Frankfurter Allgemeine Zeitung - Rezension
Frankfurter Allgemeine Zeitung | Besprechung von 25.03.2010

Narziss mit Herzschmerz
Ohne Läuterungskick: Nicolas Fargues schickt Liebesgrüße nach Sankt Petersburg

Liebeskummer ist, literarisch betrachtet, ein höchst produktives Gefühl. Das zeigen nicht nur tragische Meisterwerke wie Goethes "Werther", Nabokovs "Lolita" oder Orhan Pamuks "Museum der Unschuld", sondern auch amüsante Bestseller wie Nick Hornbys "High Fidelity" oder Benjamin von Stuckrad-Barres "Soloalbum". Literarisch problematisch wird es allerdings dann, wenn der Männer-Liebeskummer im Roman nicht viel anders klingt als im Alltag - und wenn er sich darüber hinaus nur als gekränkter Männerstolz entpuppt.
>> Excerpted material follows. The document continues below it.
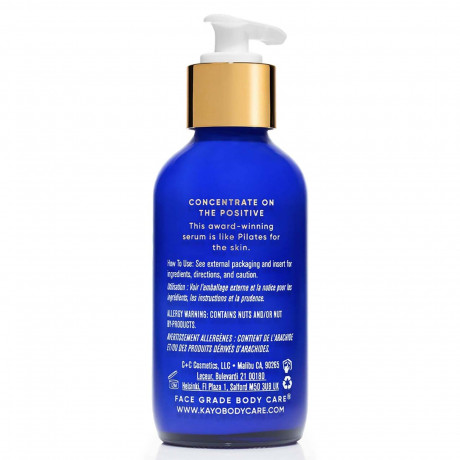 Kayo Body Care CONCENTRATED FIRM. SERUM КОНЦЕНТРИРОВАННАЯ КОМПАНИЯ. СЫВОРОТКА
Denn dann fehlt es der Geschichte von vornherein an Fallhöhe. Und genau das ist das Hauptproblem des neuen Romans von Nicolas Fargues, dessen Ich-Erzähler Antoine Mac Pola gleich zu Anfang bekennt, dass er den Satz "Ich liebe dich" viel zu oft in den Mund nimmt, weil "man es in bestimmten Momenten doch sagen muss und weil es eh keine anderen Wörter gibt". Antoine ist stolz auf seine Ausstrahlung als hübscher Mischlingssohn eines schwarzen Vaters und einer weißen Mutter, die bei Frauen gut ankommt. Seit er außerdem in einem Kinofilm mit dem Titel "White Stuff" eine Hauptrolle gespielt hat, fühlt sich der fünfunddreißigjährige Schauspieler erst recht unwiderstehlich und macht aus seiner Eitelkeit keinen Hehl: "Einen nicht unwesentlichen Teil meiner Zeit (verbrachte) ich damit, meinen Namen in Internetsuchmaschinen einzugeben", gesteht Antoine dem Leser früh. Was dem mythischen Narziss sein Spiegelbild war, das ist für Fargues' aufstrebenden Kinostar das Echo seiner Fans. Und dazu gehören auch Antoines ständig wechselnde Affären, die er beendet, wann immer es ihm gerade passt.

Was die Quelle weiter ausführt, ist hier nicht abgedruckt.